Data for this exercise:

- Opening Delimiter -

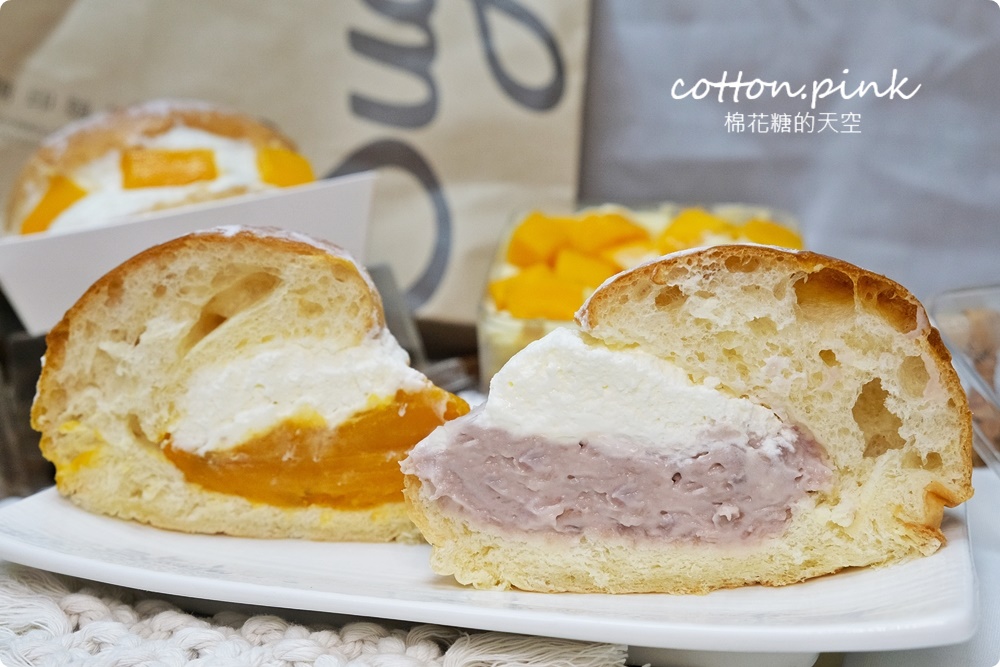 台中生乳包這裡口味最多-糖印麵包
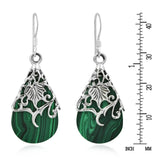 925 Silver Vintage Agate Diamond Earrings for Women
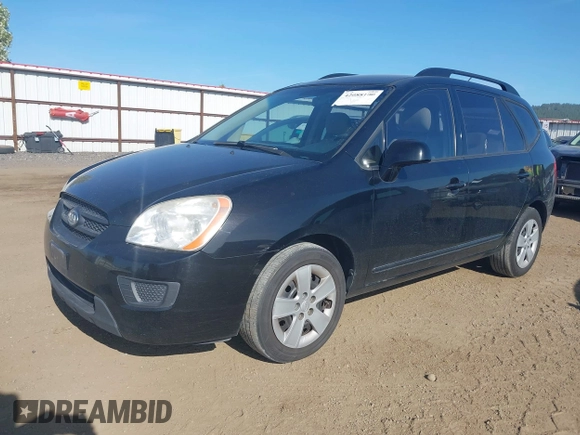 2009 Kia Rondo LX with VIN KNAFG529797268303, listed as a IAAI auction lot 42088100 with 140,458 mi miles. Bid and sale history available at carsss.com. Image 2.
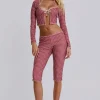 Freda Gingham Swim Capri Trousers-Jaded London Best Sale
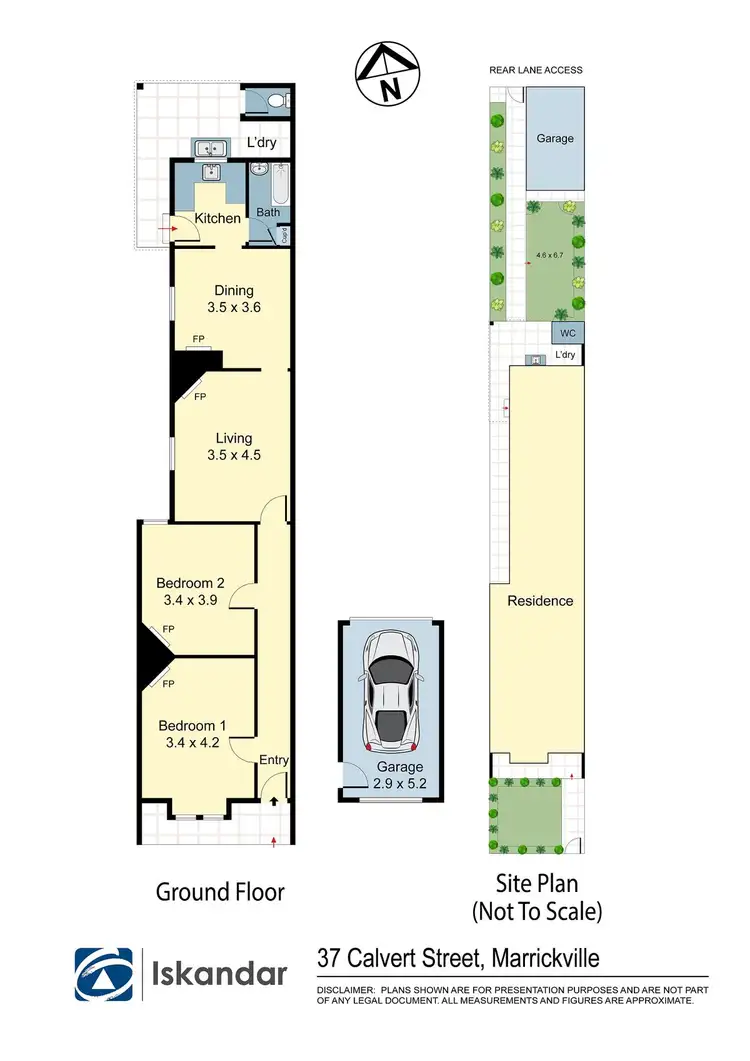 Floorplan of Homely house listing, 37 Calvert Street, Marrickville NSW 2204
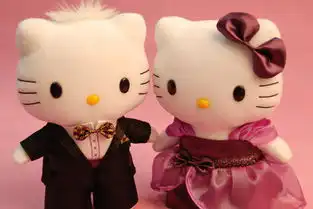 麦当劳推出情人节限量版hellokitty玩偶
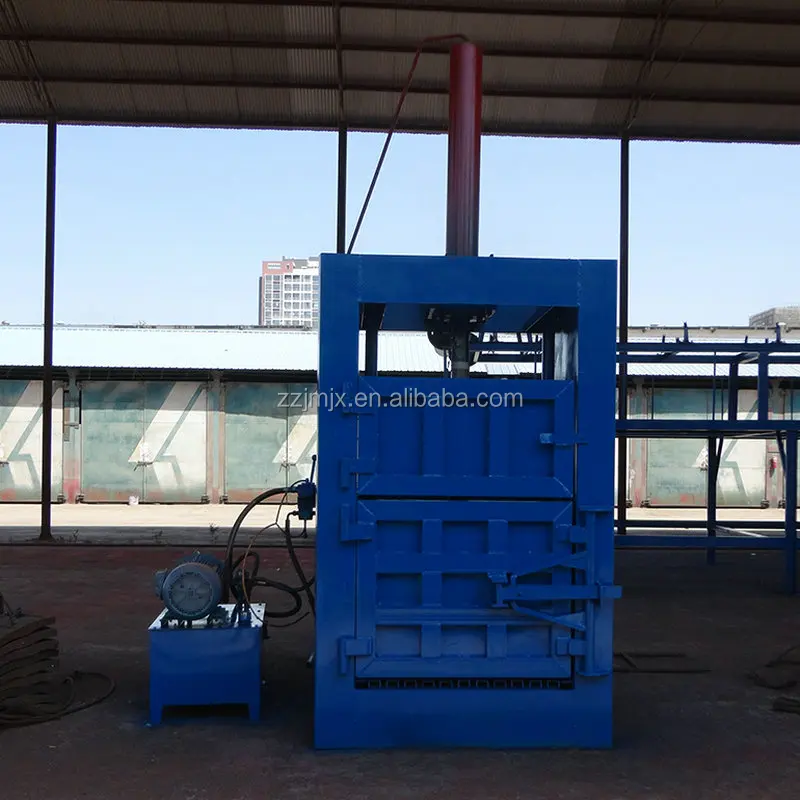 China hydraulic baling machine, waste cotton baling machine
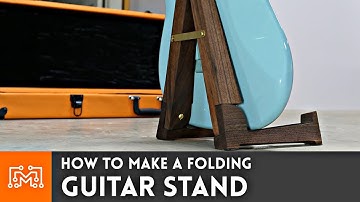 Folding Guitar Stand // Woodworking How To (RE-UPLOAD) | I Like To Make Stuff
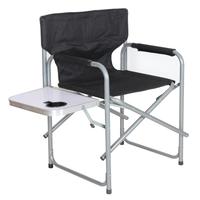 Chaise de camping pliable portable double pour la plage et le camping avec table latérale et porte-gobelet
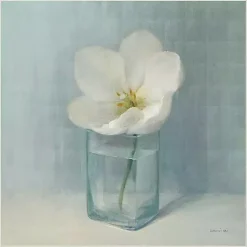 Kirklands Home Single White Tulip Framed Canvas Art Print Outlet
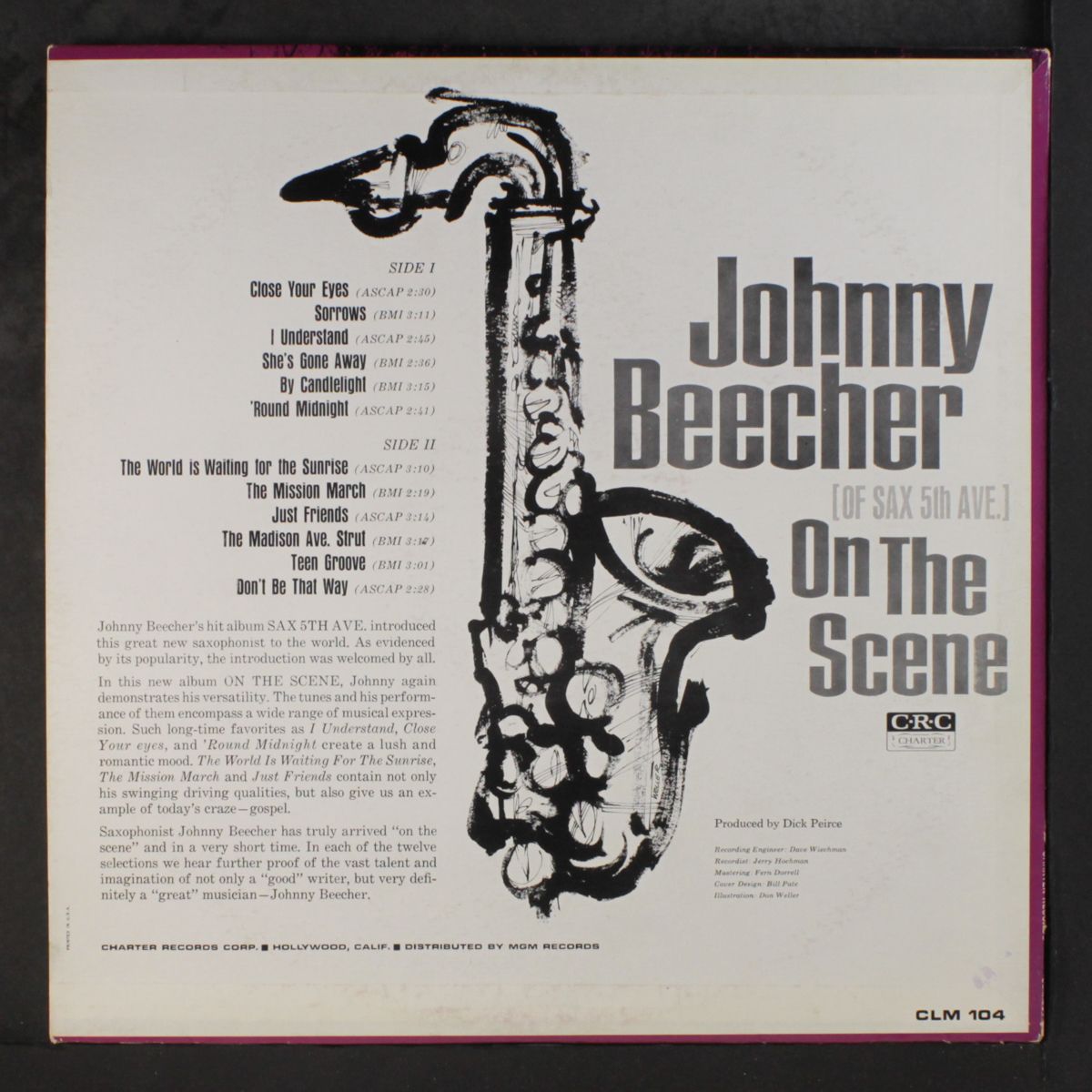 on the scene by JOHNNY BEECHER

- Closing Delimiter -

Problem: Pictures are to be left out while the lines from the beginning of the records through the line with "麦当劳推出情人节限量版hellokitty玩偶" are copied word for word.

Solution below:
 台中生乳包這裡口味最多-糖印麵包
 925 Silver Vintage Agate Diamond Earrings for Women
 2009 Kia Rondo LX with VIN KNAFG529797268303, listed as a IAAI auction lot 42088100 with 140,458 mi miles. Bid and sale history available at carsss.com. Image 2.
 Freda Gingham Swim Capri Trousers-Jaded London Best Sale
 Floorplan of Homely house listing, 37 Calvert Street, Marrickville NSW 2204
 麦当劳推出情人节限量版hellokitty玩偶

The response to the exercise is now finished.